> _WHAT YOU HAVE TO DO_
Figure out the number of lines in the entries that hold the string "https", then give that number and nothing else.

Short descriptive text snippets

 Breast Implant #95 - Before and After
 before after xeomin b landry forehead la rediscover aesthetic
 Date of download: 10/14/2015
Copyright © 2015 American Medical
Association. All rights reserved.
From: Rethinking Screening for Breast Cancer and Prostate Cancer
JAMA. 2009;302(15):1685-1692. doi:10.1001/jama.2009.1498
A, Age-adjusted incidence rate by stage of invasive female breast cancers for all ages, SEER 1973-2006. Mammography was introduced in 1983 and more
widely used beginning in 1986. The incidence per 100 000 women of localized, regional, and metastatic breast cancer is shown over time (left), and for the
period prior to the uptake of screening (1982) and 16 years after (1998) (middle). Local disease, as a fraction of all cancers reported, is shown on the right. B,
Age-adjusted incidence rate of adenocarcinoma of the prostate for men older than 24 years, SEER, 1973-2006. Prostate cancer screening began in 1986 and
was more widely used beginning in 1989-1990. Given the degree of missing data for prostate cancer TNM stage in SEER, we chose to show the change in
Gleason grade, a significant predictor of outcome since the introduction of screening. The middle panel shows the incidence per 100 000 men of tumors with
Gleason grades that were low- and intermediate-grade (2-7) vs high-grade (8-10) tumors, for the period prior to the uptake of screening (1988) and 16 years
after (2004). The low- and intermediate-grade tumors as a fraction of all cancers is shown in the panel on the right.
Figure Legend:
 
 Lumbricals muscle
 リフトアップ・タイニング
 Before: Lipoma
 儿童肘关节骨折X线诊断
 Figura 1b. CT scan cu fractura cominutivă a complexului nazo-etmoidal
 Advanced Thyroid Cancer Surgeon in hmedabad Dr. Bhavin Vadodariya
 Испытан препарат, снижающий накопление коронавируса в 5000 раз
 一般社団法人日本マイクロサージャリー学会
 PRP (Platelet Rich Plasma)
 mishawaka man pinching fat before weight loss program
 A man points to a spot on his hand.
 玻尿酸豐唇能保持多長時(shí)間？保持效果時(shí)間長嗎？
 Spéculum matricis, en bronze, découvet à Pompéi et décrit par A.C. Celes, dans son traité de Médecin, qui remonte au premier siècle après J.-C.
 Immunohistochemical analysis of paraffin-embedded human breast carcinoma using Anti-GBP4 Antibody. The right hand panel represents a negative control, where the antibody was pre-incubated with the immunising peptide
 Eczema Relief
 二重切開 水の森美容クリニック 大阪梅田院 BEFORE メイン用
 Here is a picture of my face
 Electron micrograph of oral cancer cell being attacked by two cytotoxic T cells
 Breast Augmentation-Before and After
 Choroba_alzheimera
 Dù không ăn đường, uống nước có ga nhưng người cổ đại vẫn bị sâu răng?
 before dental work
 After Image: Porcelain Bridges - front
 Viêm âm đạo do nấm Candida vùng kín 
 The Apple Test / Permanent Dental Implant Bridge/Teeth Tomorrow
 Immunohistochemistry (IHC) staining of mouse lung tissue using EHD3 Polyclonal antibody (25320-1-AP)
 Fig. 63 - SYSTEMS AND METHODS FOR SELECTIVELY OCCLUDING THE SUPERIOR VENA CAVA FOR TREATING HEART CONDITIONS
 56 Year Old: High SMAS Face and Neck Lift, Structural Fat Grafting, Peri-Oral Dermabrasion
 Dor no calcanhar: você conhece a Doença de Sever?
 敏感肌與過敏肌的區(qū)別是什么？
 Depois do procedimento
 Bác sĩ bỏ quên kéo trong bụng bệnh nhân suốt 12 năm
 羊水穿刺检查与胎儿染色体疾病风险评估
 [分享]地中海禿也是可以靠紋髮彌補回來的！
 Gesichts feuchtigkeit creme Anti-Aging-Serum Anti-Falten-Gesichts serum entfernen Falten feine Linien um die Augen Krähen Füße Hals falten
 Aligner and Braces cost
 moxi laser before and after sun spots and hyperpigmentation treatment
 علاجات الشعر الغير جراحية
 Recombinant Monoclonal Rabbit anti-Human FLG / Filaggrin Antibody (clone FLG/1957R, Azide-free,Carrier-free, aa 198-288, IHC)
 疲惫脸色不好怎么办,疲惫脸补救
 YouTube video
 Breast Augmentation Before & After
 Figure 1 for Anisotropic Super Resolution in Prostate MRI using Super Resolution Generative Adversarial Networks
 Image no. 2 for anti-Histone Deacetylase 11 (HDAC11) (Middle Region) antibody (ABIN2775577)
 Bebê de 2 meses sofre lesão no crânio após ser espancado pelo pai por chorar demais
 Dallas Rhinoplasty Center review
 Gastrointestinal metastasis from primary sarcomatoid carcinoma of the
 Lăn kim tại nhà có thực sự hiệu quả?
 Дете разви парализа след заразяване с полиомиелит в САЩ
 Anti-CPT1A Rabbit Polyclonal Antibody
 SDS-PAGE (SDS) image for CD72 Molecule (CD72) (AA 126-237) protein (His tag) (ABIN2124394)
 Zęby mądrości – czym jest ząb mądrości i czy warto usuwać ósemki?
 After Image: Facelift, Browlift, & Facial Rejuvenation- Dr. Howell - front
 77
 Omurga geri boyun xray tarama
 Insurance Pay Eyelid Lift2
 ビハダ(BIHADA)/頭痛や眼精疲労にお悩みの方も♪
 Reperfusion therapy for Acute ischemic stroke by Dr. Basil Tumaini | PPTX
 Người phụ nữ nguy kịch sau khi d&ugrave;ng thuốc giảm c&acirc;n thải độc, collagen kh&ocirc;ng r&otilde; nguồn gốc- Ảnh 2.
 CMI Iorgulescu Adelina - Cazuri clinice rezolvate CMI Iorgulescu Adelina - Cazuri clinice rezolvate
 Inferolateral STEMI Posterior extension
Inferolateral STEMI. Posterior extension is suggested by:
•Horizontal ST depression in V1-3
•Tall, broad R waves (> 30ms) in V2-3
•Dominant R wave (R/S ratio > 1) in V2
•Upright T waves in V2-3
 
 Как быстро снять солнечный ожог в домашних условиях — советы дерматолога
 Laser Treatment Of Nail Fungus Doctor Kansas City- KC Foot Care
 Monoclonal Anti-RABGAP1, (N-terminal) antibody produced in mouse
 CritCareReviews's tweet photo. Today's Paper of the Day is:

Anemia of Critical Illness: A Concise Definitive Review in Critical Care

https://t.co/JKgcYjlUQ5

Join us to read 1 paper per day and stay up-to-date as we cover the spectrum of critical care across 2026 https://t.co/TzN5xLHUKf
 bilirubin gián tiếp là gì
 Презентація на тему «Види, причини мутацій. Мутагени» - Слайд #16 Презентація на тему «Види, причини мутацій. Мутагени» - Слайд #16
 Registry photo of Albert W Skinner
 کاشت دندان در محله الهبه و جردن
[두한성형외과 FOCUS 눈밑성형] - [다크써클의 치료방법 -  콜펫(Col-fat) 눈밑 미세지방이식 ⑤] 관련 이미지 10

> _RESULT_
2